Rotary vane vacuum pump play a role of vacuum cooling in cake products.  

Vacuum cooling is to use a rotary vane vacuum pump to evacuate the cake products in the vacuum chamber into a heat preservation vacuum chamber. Vacuum cooling is a rapid evaporation cooling technology, which has the advantages of fast cooling speed, high energy utilization coefficient, uniform temperature drop of each part of the cooled product, and the cooling process is guaranteed to be carried out in a sterile state and is not limited by packaging containers and materials.  

 

Due to the different places used, vacuum cooling is now called: vacuum pre-cooling, vacuum rapid cooling, vacuum freezing, vacuum pre-cooling and preservation, etc.

At first, vacuum cooling was only used for the first link of the fresh-keeping chain of agricultural products in the field. Pre-cooling and rapid cooling to reach the required low temperature can inhibit the growth of spoilage microorganisms in agricultural products, inhibit the function of enzymes and respiration, and reduce the alcohol in agricultural products.

The cooling speed of vacuum cooling is faster and uniform than directly placed in the cold storage, and the color, aroma, taste and nutritional content of the original product can be maintained. Vacuum cooling is the most ideal refrigeration technology with the fastest cooling speed at present.

It can make vegetables, fruits and flowers and other agricultural products, as well as meat, fish, bakery, cooked food and other foods in a vacuum state quickly and evenly so that the quality, freshness and nutritional value of the product are effectively and safely guaranteed. Therefore, this technology has been widely used in many food processing fields.  

rotary vane vacuum pump  rotary vane vacuum pump

What is the difference between cooling in a cold room and using a rotary vane vacuum pump for vacuum cooling?  

  1. Cooling time

It takes 3-4 hours to cool down in the cold storage, and vacuum cooling: 0.3-0.5 hours.  

  1. Cooling space

The traditional cold storage cooling requires a large delivery room, and the space is large enough to completely cool the cooked food. Vacuum cooling greatly saves space. Cooked food cooling is divided into hot area and cold area. The cooling process of hot area entering and cold area exiting is adopted to avoid bacterial crossover. It also saves a lot of manpower, material resources and costs.  

  1. Food safety and hygiene

Due to the long cooling time, bacteria are easy to breed during the cooling process, causing secondary pollution. The entire cooling process of vacuum cooling is carried out in a vacuum-tight state, and the cooling time is short, which successfully avoids the secondary pollution of the food during the cooling process.  

  1. Food taste

The temperature inside and outside of the food after cooling in the cold storage is inconsistent, and the taste is also lost to the original taste.
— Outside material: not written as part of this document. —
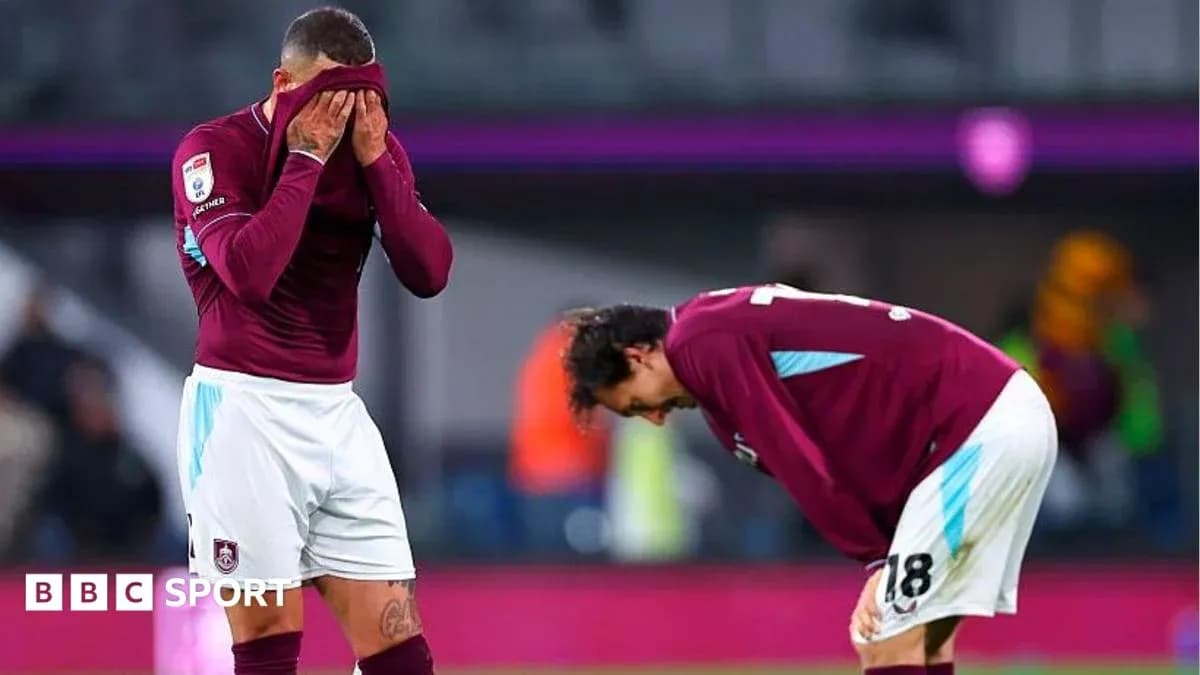 Jugadores de West Ham mostrando frustración tras el partido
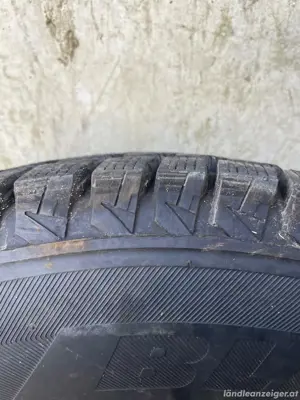 Bridgestone Winterreifen 195 80r15, neuwertig, Jimny Bild 3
The temperature inside and outside of the food after vacuum cooling is the same, which not only ensures the taste of the food, but also basically does not change in appearance from that before cooling.  

 

The application of rotary vane vacuum pump in cake products realizes that the temperature of the cake is uniform and clean during the cooling process, and it will not be polluted, so that the quality of the food can be well guaranteed. Moreover, due to the short treatment time, local drying and dehydration will not occur.

At the same time, due to the short pre-cooling process time, the operating energy consumption and cost of the corresponding equipment are significantly lower than those of traditional refrigeration equipment, and the load caused by the heat infiltrating the surrounding environment due to the long pre-cooling time can also be greatly reduced.

Vacuum cooling is not limited by the material, size and structure of the food packaging carrier, and its cooling speed is almost the same as that of unpackaged products, which is extremely convenient and fast in production.